Disease name and synonyms
Microvillous inclusion disease
Congenital familial protracted diarrhea with enterocyte brush-border abnormalities
Definition and diagnostic criteria
Microvillous inclusion disease (MVID) or microvillous atrophy (MVA) is a congenital and constitutive disorder of intestinal epithelial cells [1–6]. It is characterized by the neonatal onset of abundant watery diarrhea persisting despite total bowel rest. Onset most often occurs within the first days of life. Microvillous atrophy, first described in 1978 , was the first clinical entity identified on a morphological basis as being responsible for the so-called protracted or intractable diarrhea syndrome. The diagnosis is based on typical morphological abnormalities detected through a combination of light and electron microscopic (EM) analyses of small bowel biopsies [8–14]. Standard histology reveals a variable degree of villous atrophy without marked crypt hyperplasia, in addition to abnormal periodic-acid schiff (PAS) positive secretory granules accumulating in the apical cytoplasm of mature enterocytes and an altered (atrophic after PAS staining) enterocyte brush border membrane. These findings are completed by EM with the detection of atrophic or completely absent microvilli on mature enterocytes (see below) along with so-called microvillous inclusions (vacuoles lined by microvilli) and the finding of large PAS positive granules in immature enterocytes.

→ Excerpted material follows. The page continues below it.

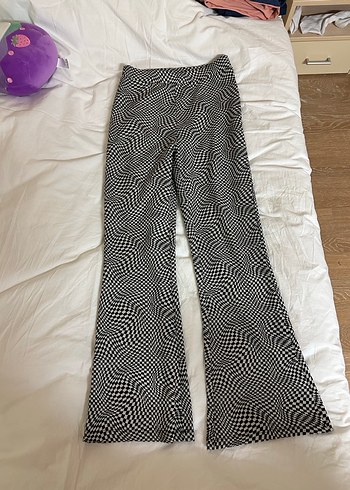 Koton Holografik Desenli Tayt Pantolon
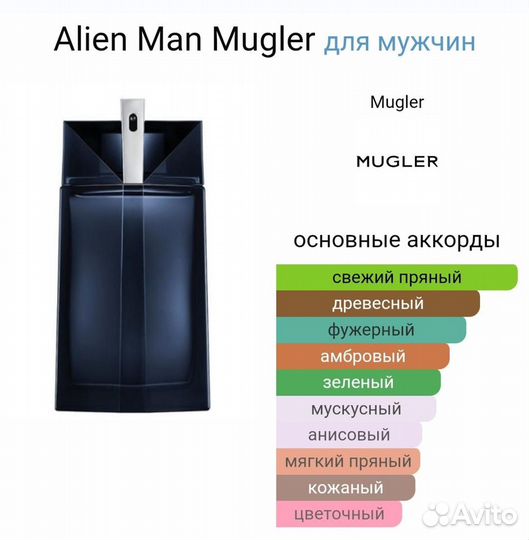 Mugler Alien Man 100 мл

Pregnancy and delivery are uneventful; in general, there is no notion of polyhydramnios except in rare isolated cases. Severe watery diarrhea starts within the first days of life [1–4, 6, 7]. This diarrhea becomes so abundant, that within 24 h the children can loose up to 30% of their body weight, resulting in profound metabolic acidosis and severe dehydration. MVID is most often severe and life-threatening. Accurate quantification of the stool volumes reveals 150 to over 300 ml/kg/d, with a high sodium content (approximately 100 mmol/L). Complete and prolonged bowel rest allows to reduce stool volume moderately, but volumes nearly always remain above 150 ml/kg/day . Inappropriate parenteral nutrition with steadily increasing intravenous fluids may significantly aggravate stool output. No additional clinical signs are associated with MVID; in particular, there are no malformations or involvement of other organs such as liver, kidney etc. However, a small number of children has a massive pruritus secondary to marked elevations in the concentrations of biliary acids in the blood. Initially, no specific findings can be detected except enormous abdominal distension with fluid-filled intestinal and colonic loops. All children with congenital MVID urgently require total parental nutrition (TPN), which often causes rapidly evolving cholestasis and liver disease. A detailed multicenter analysis of 23 patients with MVID  allowed two different forms and presentations of MVID to be distinguished on a clinical and morphological basis: congenital early-onset MVID (starting within the first days of life), and late-onset MVID (with first symptoms appearing after two or three months of life).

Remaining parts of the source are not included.